As for babies — I told Romain, no way, not yet. But a part of me, young as I was, craved motherhood. Out of nowhere, the thought of a baby, our baby, would bloom in my mind. What would it be like, I’d wonder, all dreamy. I had no idea what any of it would be like. When Mama enticed Romain with a job offer for her travel company in New Jersey, we were ready for a change of scenery. Romain and I took our time getting there: a four-day road trip with bed-and-breakfast stops, water parks, driving along little weedy roads. By the time we got north, I was already pregnant. Did we worry that I was just 21? That I had just transferred to a new college? That I was going to be a journalist? No. Romain and I burst with a joy that danced wild within us both.

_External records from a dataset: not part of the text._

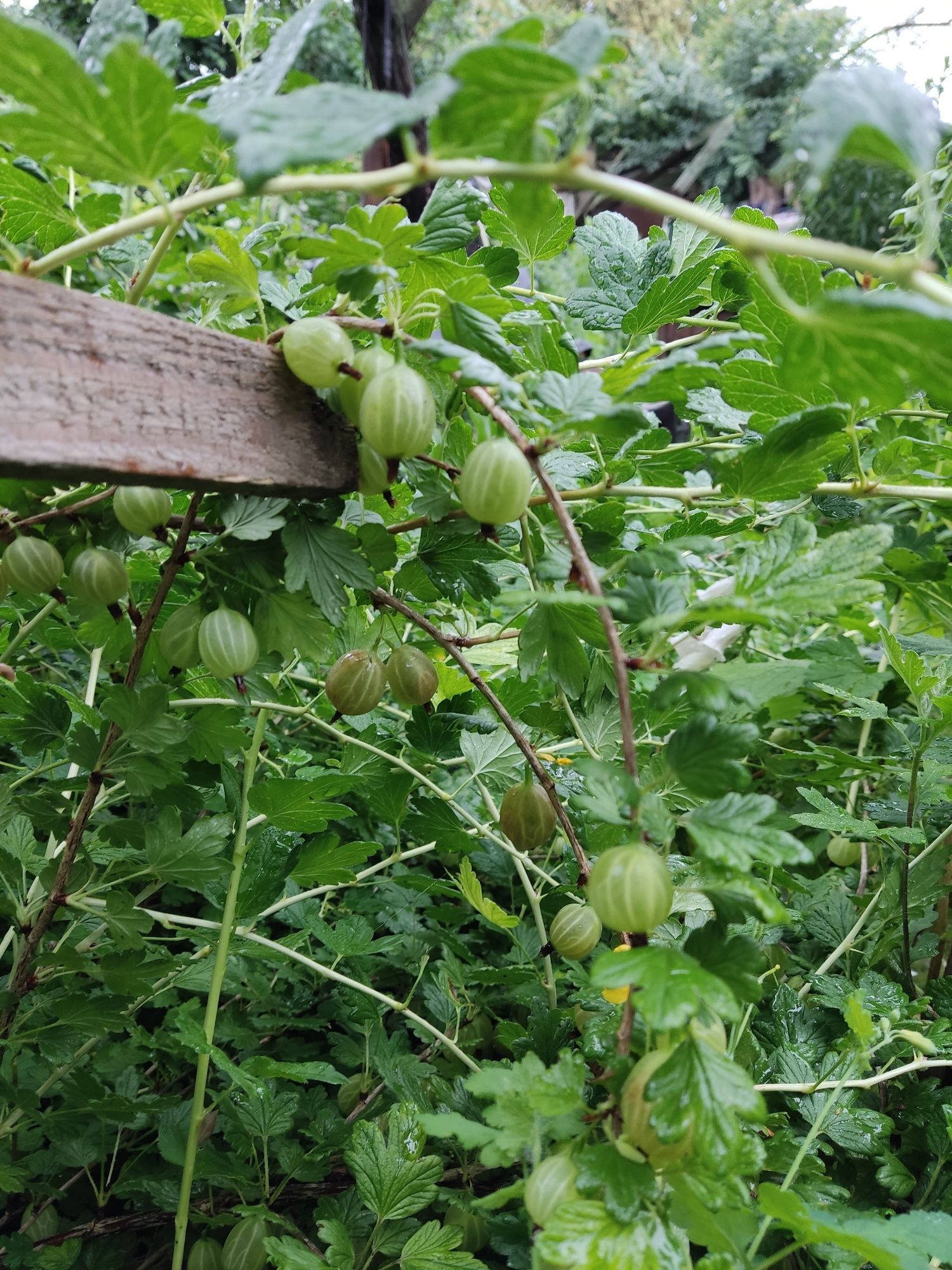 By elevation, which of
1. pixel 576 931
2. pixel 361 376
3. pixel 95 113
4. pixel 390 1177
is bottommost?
pixel 390 1177

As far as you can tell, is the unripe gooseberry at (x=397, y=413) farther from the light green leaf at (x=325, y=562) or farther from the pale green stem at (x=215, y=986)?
the pale green stem at (x=215, y=986)

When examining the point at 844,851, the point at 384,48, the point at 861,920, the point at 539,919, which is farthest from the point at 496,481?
the point at 384,48

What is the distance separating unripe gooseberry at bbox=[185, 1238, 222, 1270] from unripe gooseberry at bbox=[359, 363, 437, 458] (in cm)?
56

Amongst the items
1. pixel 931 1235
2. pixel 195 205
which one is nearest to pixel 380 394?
pixel 195 205

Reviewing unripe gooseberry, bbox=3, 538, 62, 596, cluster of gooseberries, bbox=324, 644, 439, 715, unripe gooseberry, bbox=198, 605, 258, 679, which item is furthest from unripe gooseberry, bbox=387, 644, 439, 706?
unripe gooseberry, bbox=3, 538, 62, 596

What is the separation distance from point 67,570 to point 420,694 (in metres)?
0.24

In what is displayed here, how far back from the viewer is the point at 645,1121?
0.31 m

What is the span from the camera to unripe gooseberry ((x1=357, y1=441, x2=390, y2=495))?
0.47 m

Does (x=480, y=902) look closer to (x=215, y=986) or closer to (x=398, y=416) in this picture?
(x=215, y=986)

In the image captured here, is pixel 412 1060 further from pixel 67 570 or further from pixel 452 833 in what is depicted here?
pixel 67 570

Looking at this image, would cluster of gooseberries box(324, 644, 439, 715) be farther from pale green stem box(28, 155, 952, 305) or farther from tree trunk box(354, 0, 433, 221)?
tree trunk box(354, 0, 433, 221)

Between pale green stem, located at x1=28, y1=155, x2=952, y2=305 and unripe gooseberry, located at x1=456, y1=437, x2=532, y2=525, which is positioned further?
unripe gooseberry, located at x1=456, y1=437, x2=532, y2=525

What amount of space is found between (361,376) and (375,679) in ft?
0.64

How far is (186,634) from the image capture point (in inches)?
20.1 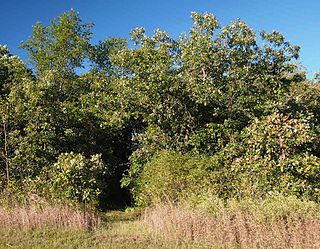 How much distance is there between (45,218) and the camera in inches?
464

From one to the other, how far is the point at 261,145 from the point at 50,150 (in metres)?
9.65

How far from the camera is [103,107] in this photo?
18625 mm

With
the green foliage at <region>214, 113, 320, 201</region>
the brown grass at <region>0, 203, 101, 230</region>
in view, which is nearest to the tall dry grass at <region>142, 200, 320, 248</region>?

My son was born to a 22-year-old ambitious journalism student with wings. I wasn’t ready to give up school, so my grandmother, the very Babushka who had watched me when my mama was away, now watched my baby in Central Jersey, while I commuted to NYU every day and studied magna cum laude with a minor in sociology. One semester I produced and hosted a TV talk show for a campus station; another, I bustled around the New York office of CNN, an earnest intern tripping all over myself to get lunch and coffee and tidbits of information for mean-faced producers and male anchors who wore mascara and blush. It felt good to put on boots, dress in plaid skirts, and run around New York City, my future blinking before me with a thousand headlights.
In the Port Authority bus on the way home I’d think of my son bumping his two plastic dinosaurs together. I’d look at the clock and not know whether or not he’d still be awake. And sadness would become a lump in my throat, expanding, making it hard to breathe. Had Mama ever missed me like that?

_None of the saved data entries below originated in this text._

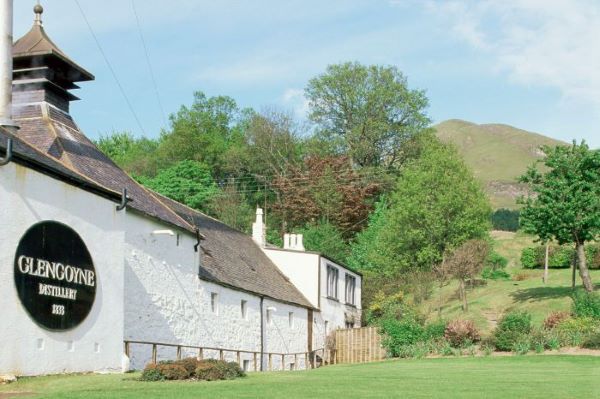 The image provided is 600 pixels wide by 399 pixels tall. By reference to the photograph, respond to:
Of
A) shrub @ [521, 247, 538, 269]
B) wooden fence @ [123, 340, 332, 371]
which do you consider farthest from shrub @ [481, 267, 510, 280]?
wooden fence @ [123, 340, 332, 371]

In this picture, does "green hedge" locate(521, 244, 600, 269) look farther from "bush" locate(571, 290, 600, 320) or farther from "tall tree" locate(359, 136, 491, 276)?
"bush" locate(571, 290, 600, 320)

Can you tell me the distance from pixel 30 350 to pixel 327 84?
6102 cm

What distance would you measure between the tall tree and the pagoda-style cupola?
32.9 meters

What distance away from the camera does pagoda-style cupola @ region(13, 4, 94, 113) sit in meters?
27.6

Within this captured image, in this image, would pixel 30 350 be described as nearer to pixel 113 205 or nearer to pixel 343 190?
pixel 113 205

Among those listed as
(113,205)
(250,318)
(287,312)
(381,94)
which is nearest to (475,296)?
(287,312)

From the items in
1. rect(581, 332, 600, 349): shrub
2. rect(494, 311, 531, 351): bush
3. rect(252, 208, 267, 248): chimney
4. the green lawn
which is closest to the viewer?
the green lawn

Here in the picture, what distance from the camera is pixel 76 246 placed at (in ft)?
68.8

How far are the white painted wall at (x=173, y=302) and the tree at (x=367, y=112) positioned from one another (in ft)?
136

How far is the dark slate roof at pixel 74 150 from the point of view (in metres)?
25.3

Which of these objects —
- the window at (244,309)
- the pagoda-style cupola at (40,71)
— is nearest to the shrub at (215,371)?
the pagoda-style cupola at (40,71)

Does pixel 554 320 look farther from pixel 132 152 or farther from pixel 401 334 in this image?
pixel 132 152

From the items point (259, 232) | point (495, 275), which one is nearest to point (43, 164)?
point (259, 232)

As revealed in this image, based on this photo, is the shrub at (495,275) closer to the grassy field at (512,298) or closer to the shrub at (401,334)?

When I’d arrive home, I’d drop my school bag by the door, and let the outside world fall away as I inhaled my son. I tried to make up for my absences, to make every moment with my son precious. I staged stuffed-animal “plays” for him, which he watched with fascination. I read books in French, Russian and English. Every time I changed his diaper, I’d breathe in his poopy smell while Babushka stared at me, thinking, I’m sure, that I was either faking it or that I’d lost my mind.
I was wracked with guilt for leaving my son every day. At the same time, I was angry for Mama for doing the same to me. Being a mother seemed to both feed my soul and drain it. I sometimes tried to talk to Mama about it. Didn’t you miss me at all? At least I was still with my son, snatching every moment I could, living here, loving him close-by. How could you have left me, Mama? What were you thinking?
I did the best I could, she said. I loved you. I am not going to let you paralyze me with guilt.
When my baby was three years old, I graduated and became a newspaper journalist. I loved my job, but it wasn’t the kind of job I could leave when my eight hours were over. Journalism needed more of me. Meanwhile, my son grew sick. My boy needed me. Plus, my journalism salary barely covered daycare. I quit my job and announced to my mother that I was going to be there for my son full-time now, then threw myself into a stay-at-home motherhood with the fierce doggedness of a former reporter.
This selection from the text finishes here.